THERE is something special about lighthouses, something John Love realised at an early age.
Growing up in Inverness, Love may not have had many lighthouses close at hand, but trips away with Inverness Bird Club introduced him to lighthouses on Scotland’s islands and wilder coasts.
A zoology degree at Aberdeen University and a career with the Nature Conservancy Council, where he managed the sea eagle reintroduction programme on the Isle of Rum, and with successor organisation Scottish Natural Heritage as area manager for the Uists, Barra and St Kilda, also introduced him to lighthouses in some of Scotland’s wildest locations.
"When you start going to islands, you inevitably encounter lighthouses," he pointed out.
"Since I started doing lectures on cruises, that’s opened up lots of chances of photographing lighthouses from the sea, and I’ve done various helicopter and other flights around seabird colonies and such like, so I managed to get a few aerial photographs."
Some of these photographs from land, sea and air feature in Love’s latest book, A Natural History of Lighthouses, combining his interest in lighthouses with his love of the natural world.
The book has its origins in a lecture he was asked to deliver by the Islands Book Trust to mark the 200th anniversary of the Bell Rock Lighthouse, designed by Robert Stevenson of the lighthouse building Edinburgh dynasty. That led to a smaller book on island lighthouses and, as Love looked into the subject, he discovered how keepers had helped contribute to the study of natural history.
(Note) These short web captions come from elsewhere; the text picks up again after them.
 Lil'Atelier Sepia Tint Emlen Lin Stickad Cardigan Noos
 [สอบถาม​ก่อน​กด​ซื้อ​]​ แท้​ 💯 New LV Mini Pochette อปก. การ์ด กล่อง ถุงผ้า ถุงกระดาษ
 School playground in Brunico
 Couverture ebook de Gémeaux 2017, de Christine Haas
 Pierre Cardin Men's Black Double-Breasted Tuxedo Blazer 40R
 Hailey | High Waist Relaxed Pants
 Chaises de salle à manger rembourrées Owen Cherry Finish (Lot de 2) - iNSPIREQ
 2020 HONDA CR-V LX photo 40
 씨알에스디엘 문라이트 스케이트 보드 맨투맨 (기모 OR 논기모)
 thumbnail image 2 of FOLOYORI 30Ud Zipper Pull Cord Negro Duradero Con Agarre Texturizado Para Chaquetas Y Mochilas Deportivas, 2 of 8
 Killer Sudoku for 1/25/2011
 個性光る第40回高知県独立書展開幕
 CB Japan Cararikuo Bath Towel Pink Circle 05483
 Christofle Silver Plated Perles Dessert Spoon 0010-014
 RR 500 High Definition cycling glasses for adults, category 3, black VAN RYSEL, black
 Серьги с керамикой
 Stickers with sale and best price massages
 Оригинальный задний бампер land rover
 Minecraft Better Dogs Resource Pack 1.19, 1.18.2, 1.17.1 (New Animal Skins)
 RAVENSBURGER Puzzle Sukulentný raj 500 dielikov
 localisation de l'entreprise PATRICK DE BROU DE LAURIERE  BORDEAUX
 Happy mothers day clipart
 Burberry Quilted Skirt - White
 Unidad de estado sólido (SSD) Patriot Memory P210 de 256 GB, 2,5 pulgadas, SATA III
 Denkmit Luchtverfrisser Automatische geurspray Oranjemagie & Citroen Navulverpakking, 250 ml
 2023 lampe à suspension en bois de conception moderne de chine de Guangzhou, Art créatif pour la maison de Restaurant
"For example, John Maclean Campbell was a keeper on the Bell Rock and he kept a diary of all the wildlife he encountered around this tiny rock and that was fascinating. Other keepers were doing similar things," Love said.
"As lighthouses were automated the keepers left and there was no one to record these things any more, but fortunately, a lot have become bird observatories or field centres in their own right."
For the most part, keepers seemed content to observe and live in harmony with their wild neighbours.
"Keepers tended not to bother hunting anything, or if they did, it was in a very minor way," Love said.
"They were quite happy, though, if birds hit the glass and broke their necks, to cook them up in a pie as a source of fresh meat.
"Lighthouses tended to be on in quite prominent positions on promontories or cliffs and these tended to be on the routes birds would take during their migration.
"Putting a lighthouse there suddenly attracted them down. We’ll never know what the impact was on the bird population. It was probably relatively insignificant given the many hundreds of thousands of birds that were migrating at the time, but it must have looked quite dramatic and with rock lighthouse like Bell Rock and Skerryvore, nobody knew how many birds were killed and washed away never to be seen again."
Of all the lighthouses that Love has visited over the years, the one that stands out for him is at Barra Head on Berneray at the southern tip of the Western Isles.
"It’s a very dramatic setting," Love said.
"It’s sitting on top of a 700 foot cliff and the keepers would describe stones being thrown up over the wall during storms and landing in the courtyard outside and the lighthouse shuddering. I just love it."
It was a lonely life for the island keepers, but one Love believes he would have coped with himself.
"I have always enjoyed living in remote areas. I spent many years on Rum, which has a population of about 30. I now live on South Uist and enjoy being part of a bigger community, but I think I would have survived quite well as a lighthouse keeper," he said.
"Even today, it has an appeal to many people, that sort of romantic lifestyle."
• A Natural History of Lighthouses by John A. Love is published by Whittles Publishing based in Dunbeath, Caithness, priced £30 hardback.